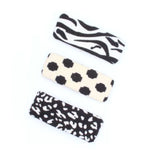 MOLLY & ROSE 8508 ANIMAL PRINT HAIRSLIDE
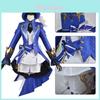 Traje Cosplay de Jogo Original Divindade da Água Fuka Rosenthal Mapleson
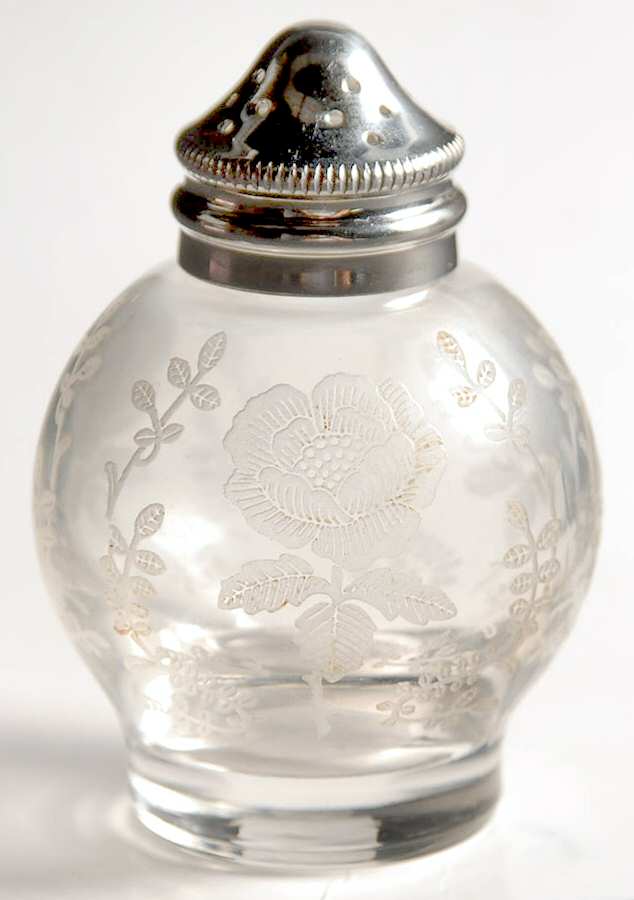 Roselyn Shaker with Metal Lid by Cambridge-1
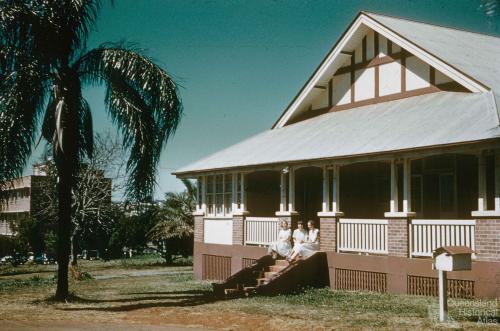 Toowoomba Hospital, 1959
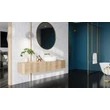 Kép 2/3 - Valore - Carrara Sky Ret 25x75 I.oszt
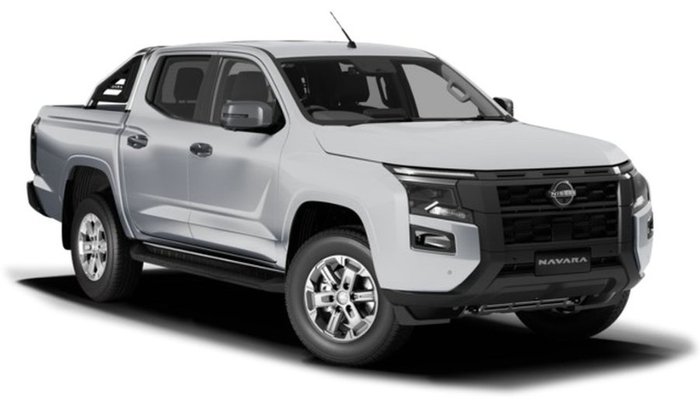2026 Nissan Navara ST DUAL CAB D27 MY26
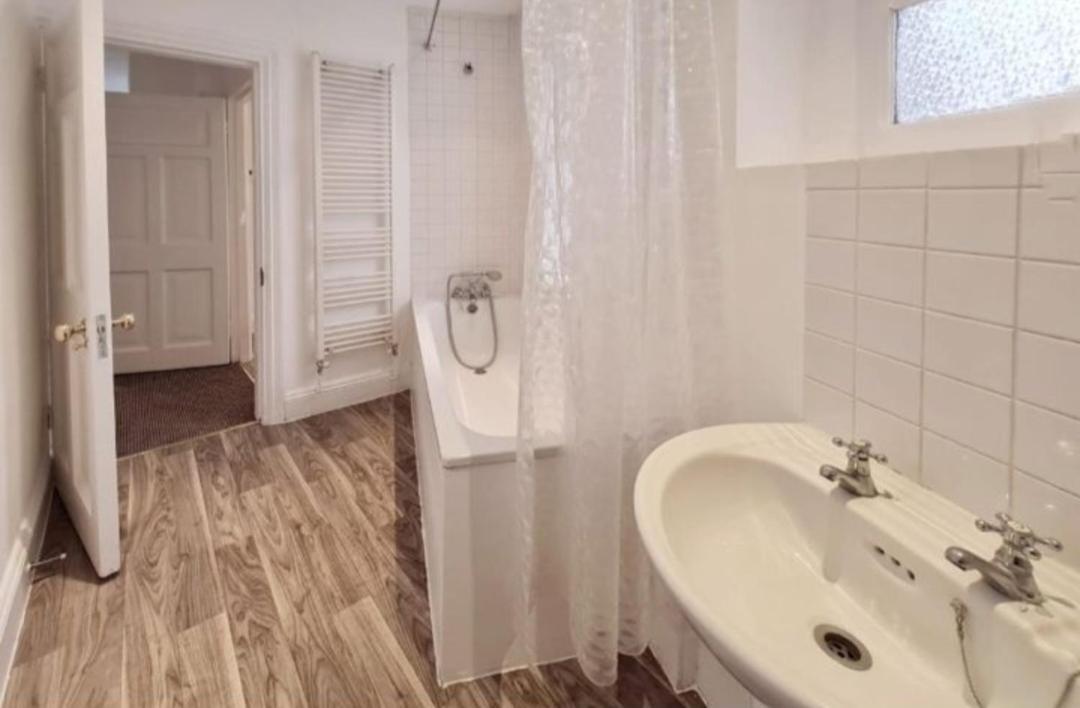 Private Double Bedroom In King'S Cross St Pancras Лондон Екстер'єр фото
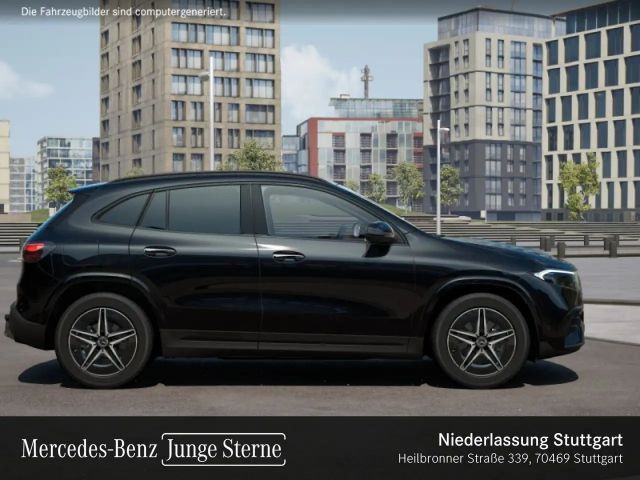 Mercedes-Benz EQA 250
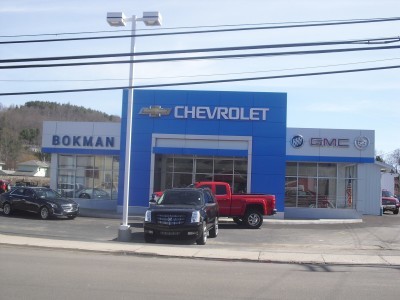 Bokman of Wellsville, Inc
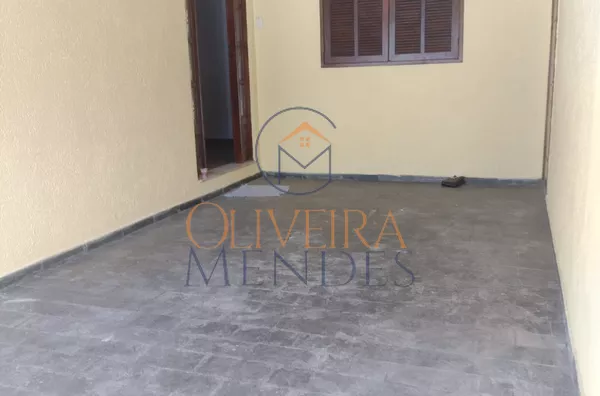 Casa 3/4, com garagem, área gourmet, quintal, canil bairro Barbosa Lage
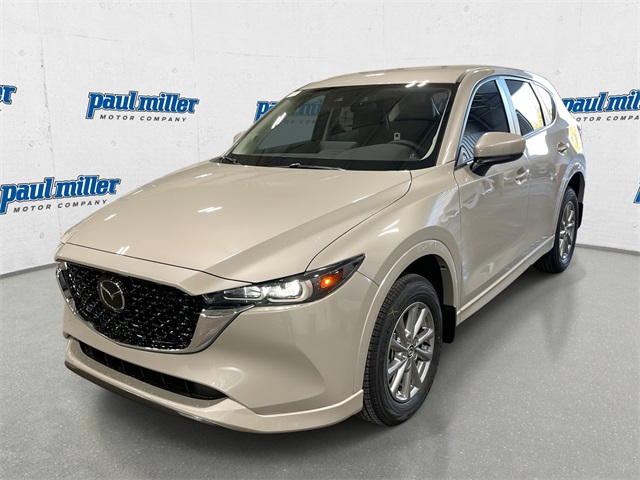 2025 Mazda CX-5 S Select Package's photo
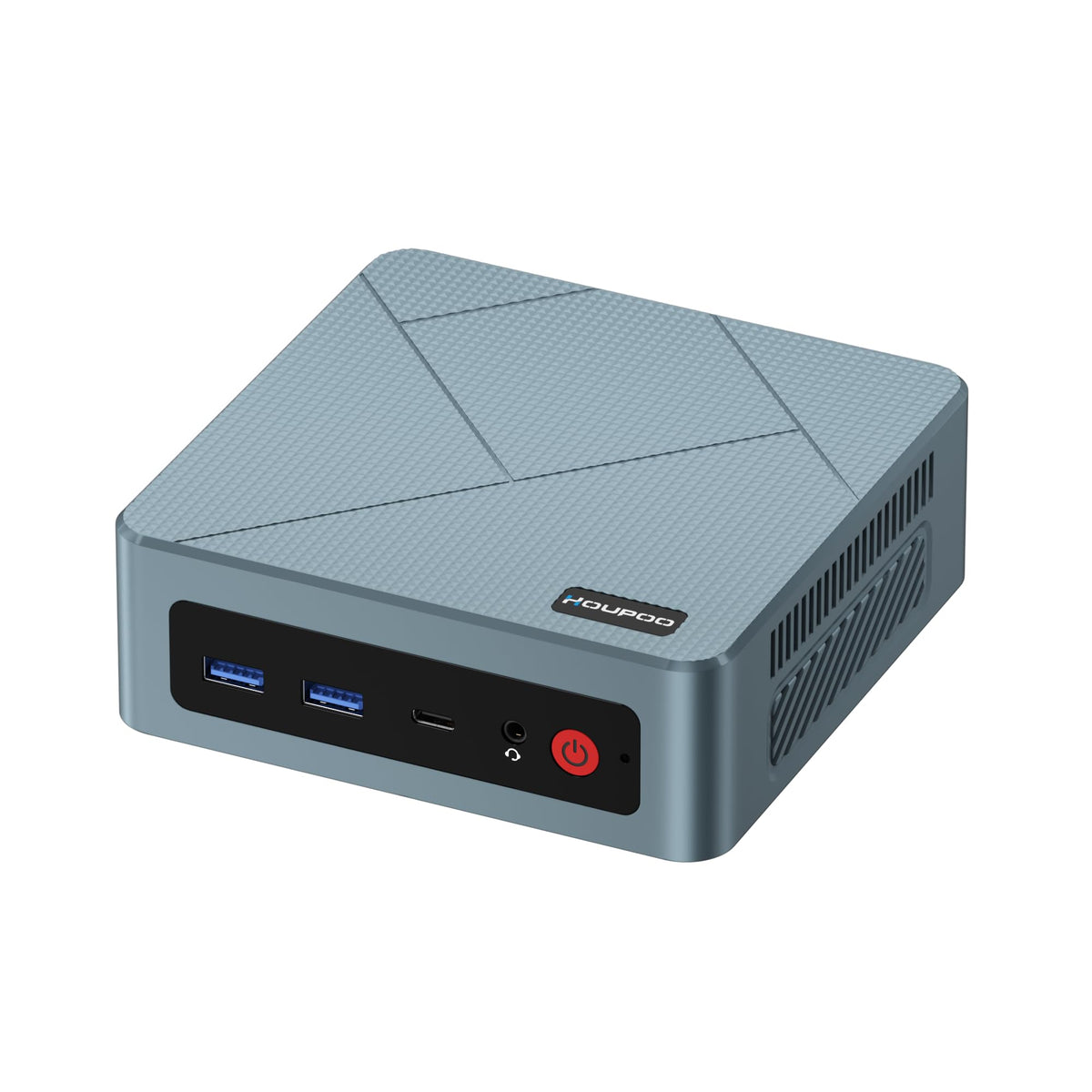 Mini PC Desktop Computer for Wireless Office with Ryzen 5 3501U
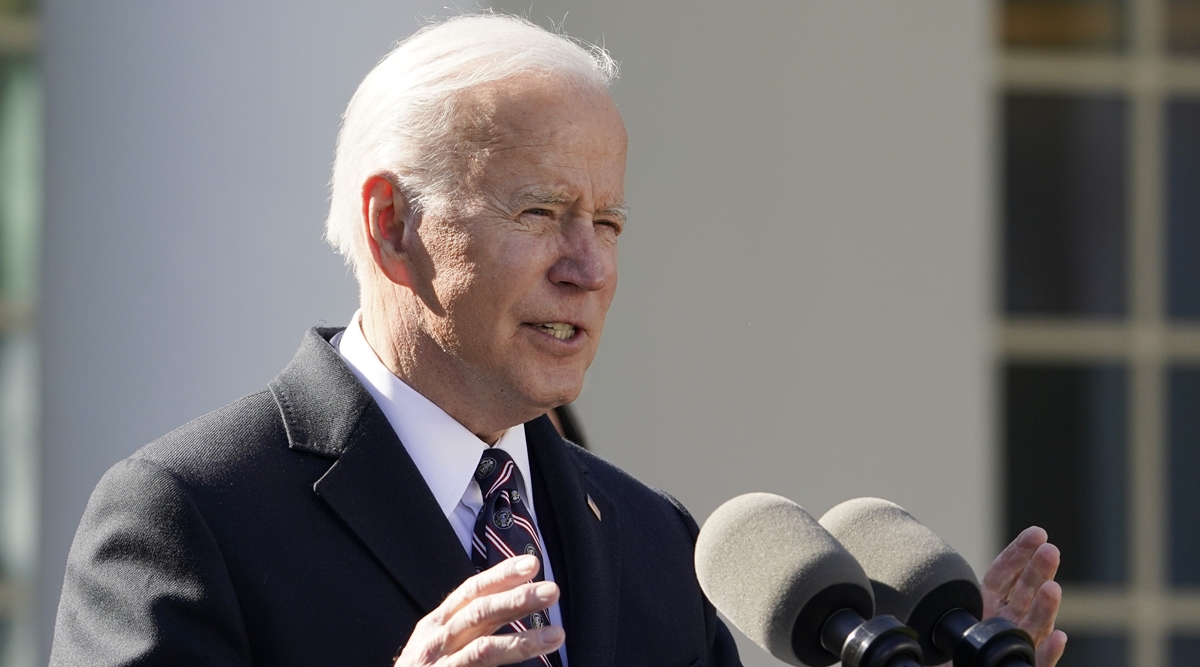 Biden to release one million barrels of oil a day to ease pump prices ...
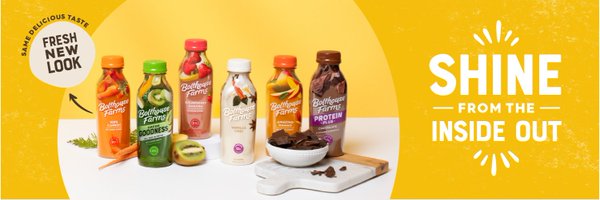 BolthouseFarms Profile Banner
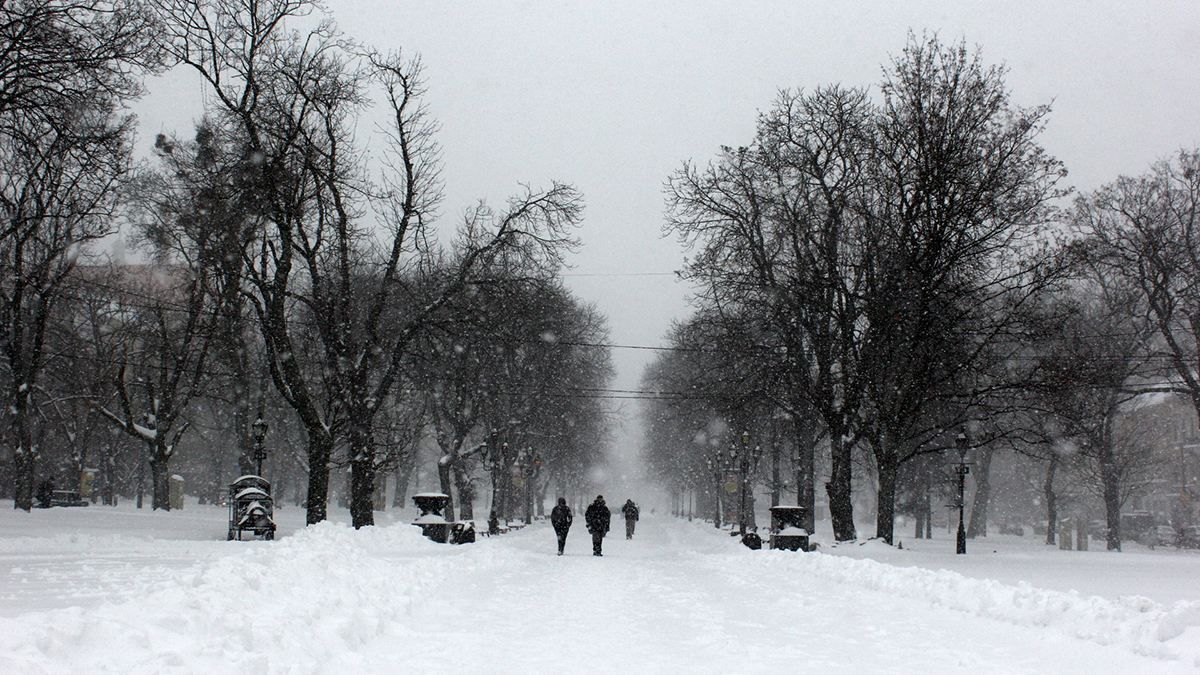 Морозы и шторм или... – что обещают синоптики украинцам в декабре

• • • •

■ Problem: Everything from the line containing "Kép 2/3 - Valore" through the last line of the entries is to be output exactly as written, minus any pictures.

■ Response area:
 Kép 2/3 - Valore - Carrara Sky Ret 25x75 I.oszt
2026 Nissan Navara ST DUAL CAB D27 MY26
 Private Double Bedroom In King'S Cross St Pancras Лондон Екстер'єр фото
 Mercedes-Benz EQA 250
 Bokman of Wellsville, Inc
 Casa 3/4, com garagem, área gourmet, quintal, canil bairro Barbosa Lage
 2025 Mazda CX-5 S Select Package's photo
 Mini PC Desktop Computer for Wireless Office with Ryzen 5 3501U
 Biden to release one million barrels of oil a day to ease pump prices ...
 BolthouseFarms Profile Banner
 Морозы и шторм или... – что обещают синоптики украинцам в декабре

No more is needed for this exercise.